猫は、弱い感情を出すことはあまりありません。弱っているところを他者に見つかると狙われやすくなるという本能があるためです。
しかし、尻尾をダランと下げていたり、背中を丸めてじっとしているときは、哀しい気持ちになっているかもしれません。呼びかけに反応しなかったり、声のトーンが低くなるケースもあります。こんなときは、そっと寄り添ってあげるといいでしょう。
反対に、飼い主にベッタリと張り付いて離れなくなる場合もあります。留守番が多くてストレスになっていたり、家の中に落ち着かないものがあるといった可能性があるため、不安に思う原因を探してみてください。
哀しんでいるのかよくわからないときは、尻尾を見るのがおすすめ。気分が沈んでいると、力なく垂れ下がっていることが多いようです。
4.楽しんでいるときのサイン

遊んでいるときに、瞳孔が開いたり、前足でおもちゃをつついているときがあるかもしれません。自分でおもちゃを放り投げ、追いかけるように走り回っていることもあるでしょう。こんなときは、心が楽しみで満たされていると考えられます。

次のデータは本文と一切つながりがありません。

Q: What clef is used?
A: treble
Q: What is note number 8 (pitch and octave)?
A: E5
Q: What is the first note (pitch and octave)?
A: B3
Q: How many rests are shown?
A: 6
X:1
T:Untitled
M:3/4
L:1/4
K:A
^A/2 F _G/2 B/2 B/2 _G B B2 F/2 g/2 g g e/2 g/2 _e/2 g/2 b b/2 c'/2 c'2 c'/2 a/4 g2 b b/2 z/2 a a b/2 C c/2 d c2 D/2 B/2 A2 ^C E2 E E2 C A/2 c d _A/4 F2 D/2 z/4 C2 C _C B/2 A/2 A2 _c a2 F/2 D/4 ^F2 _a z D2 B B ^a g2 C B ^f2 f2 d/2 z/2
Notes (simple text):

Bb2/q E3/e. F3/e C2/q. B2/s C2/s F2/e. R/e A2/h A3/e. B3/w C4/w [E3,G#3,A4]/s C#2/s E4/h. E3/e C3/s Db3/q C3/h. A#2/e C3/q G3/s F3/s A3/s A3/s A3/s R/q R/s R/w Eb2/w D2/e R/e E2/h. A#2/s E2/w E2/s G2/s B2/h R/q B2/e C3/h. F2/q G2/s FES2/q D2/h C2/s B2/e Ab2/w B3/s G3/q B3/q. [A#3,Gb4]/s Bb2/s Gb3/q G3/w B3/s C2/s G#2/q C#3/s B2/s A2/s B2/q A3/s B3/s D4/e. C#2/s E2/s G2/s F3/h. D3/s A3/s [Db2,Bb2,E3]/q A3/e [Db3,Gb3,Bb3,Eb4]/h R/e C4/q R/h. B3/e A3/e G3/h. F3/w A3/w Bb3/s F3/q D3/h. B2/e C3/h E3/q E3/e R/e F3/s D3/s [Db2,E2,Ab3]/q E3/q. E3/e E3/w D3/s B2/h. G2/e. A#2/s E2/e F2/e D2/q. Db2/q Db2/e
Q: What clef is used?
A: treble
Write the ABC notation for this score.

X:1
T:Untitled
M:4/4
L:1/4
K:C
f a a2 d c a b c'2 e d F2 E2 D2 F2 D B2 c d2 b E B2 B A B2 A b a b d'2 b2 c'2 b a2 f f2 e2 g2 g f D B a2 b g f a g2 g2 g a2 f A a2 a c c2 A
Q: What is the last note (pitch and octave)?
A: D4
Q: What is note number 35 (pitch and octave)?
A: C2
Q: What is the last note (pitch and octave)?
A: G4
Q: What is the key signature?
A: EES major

チェックポイントは、瞳孔の開きです。猫の楽しみは狩りに紐づいていることが多く、獲物を追う興奮がそのまま楽しみになります。そのため、目が輝いていたり耳が立っているときは、本能が刺激されてテンションが高まっているといえます。
猫が興奮しているときは、行動を抑えるようなことはなるべく控えましょう。充分遊ばせてあげることが、充実感に繋がります。ただし、暴走しすぎて落下したり転んだりする可能性もあるため、様子を見ながら上手に興奮を逃がしてあげることも大切です。
まとめ

猫の感情は、耳や目、ヒゲや行動など、さまざまなところに現れます。これらの変化を組み合わせることで、喜怒哀楽が分かるはず。猫の気持ちを読み取れるようになれば、円滑にコミュニケーションをとれるでしょう。